WHAT THE EXERCISE ASKS:
Copy out the lines of the records below, and only those lines, from the one with "Salade de pâtes" through the one with "Certified 2025 Porsche", exactly as they appear.

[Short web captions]
============================================================

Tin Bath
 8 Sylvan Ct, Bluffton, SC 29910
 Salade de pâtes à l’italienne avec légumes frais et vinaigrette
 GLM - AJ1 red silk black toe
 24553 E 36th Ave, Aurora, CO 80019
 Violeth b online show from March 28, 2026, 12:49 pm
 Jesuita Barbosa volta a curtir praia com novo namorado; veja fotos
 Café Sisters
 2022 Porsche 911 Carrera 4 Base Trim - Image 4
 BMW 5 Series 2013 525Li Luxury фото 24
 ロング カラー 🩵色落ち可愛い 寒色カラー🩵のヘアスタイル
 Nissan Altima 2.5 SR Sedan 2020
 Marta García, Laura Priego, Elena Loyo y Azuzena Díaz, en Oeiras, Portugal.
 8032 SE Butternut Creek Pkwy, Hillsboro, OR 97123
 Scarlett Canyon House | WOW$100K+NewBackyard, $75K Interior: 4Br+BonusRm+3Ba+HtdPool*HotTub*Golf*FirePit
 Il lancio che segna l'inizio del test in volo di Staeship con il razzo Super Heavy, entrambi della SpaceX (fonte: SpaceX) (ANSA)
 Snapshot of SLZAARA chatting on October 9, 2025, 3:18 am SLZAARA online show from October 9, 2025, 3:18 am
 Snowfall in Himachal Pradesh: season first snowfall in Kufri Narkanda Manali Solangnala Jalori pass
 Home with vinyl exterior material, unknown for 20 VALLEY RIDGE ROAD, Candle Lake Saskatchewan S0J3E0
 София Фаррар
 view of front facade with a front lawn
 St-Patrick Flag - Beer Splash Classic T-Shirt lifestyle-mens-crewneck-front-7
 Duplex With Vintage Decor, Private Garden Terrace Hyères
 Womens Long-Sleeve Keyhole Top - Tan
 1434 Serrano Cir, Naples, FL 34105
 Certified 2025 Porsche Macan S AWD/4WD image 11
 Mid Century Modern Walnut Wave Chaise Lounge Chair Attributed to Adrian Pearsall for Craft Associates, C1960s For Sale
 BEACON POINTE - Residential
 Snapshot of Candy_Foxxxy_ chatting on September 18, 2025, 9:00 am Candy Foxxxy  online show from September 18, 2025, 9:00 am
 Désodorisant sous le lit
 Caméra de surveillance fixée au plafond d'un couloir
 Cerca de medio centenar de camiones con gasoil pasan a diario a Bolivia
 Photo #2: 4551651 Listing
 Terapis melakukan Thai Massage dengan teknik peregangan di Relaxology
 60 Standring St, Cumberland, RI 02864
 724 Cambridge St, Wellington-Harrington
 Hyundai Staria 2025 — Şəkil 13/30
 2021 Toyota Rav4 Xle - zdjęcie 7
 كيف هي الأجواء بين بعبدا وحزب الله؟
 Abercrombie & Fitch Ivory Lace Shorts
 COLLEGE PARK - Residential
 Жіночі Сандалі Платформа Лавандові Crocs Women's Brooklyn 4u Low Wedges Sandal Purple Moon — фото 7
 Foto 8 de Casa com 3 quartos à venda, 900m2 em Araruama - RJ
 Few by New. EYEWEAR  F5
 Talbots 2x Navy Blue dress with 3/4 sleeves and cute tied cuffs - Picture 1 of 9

============================================================

ANSWER TO THIS TASK:
 Salade de pâtes à l’italienne avec légumes frais et vinaigrette
 GLM - AJ1 red silk black toe
 24553 E 36th Ave, Aurora, CO 80019
 Violeth b online show from March 28, 2026, 12:49 pm
 Jesuita Barbosa volta a curtir praia com novo namorado; veja fotos
 Café Sisters
 2022 Porsche 911 Carrera 4 Base Trim - Image 4
 BMW 5 Series 2013 525Li Luxury фото 24
 ロング カラー 🩵色落ち可愛い 寒色カラー🩵のヘアスタイル
 Nissan Altima 2.5 SR Sedan 2020
 Marta García, Laura Priego, Elena Loyo y Azuzena Díaz, en Oeiras, Portugal.
 8032 SE Butternut Creek Pkwy, Hillsboro, OR 97123
 Scarlett Canyon House | WOW$100K+NewBackyard, $75K Interior: 4Br+BonusRm+3Ba+HtdPool*HotTub*Golf*FirePit
 Il lancio che segna l'inizio del test in volo di Staeship con il razzo Super Heavy, entrambi della SpaceX (fonte: SpaceX) (ANSA)
 Snapshot of SLZAARA chatting on October 9, 2025, 3:18 am SLZAARA online show from October 9, 2025, 3:18 am
 Snowfall in Himachal Pradesh: season first snowfall in Kufri Narkanda Manali Solangnala Jalori pass
 Home with vinyl exterior material, unknown for 20 VALLEY RIDGE ROAD, Candle Lake Saskatchewan S0J3E0
 София Фаррар
 view of front facade with a front lawn
 St-Patrick Flag - Beer Splash Classic T-Shirt lifestyle-mens-crewneck-front-7
 Duplex With Vintage Decor, Private Garden Terrace Hyères
 Womens Long-Sleeve Keyhole Top - Tan
 1434 Serrano Cir, Naples, FL 34105
 Certified 2025 Porsche Macan S AWD/4WD image 11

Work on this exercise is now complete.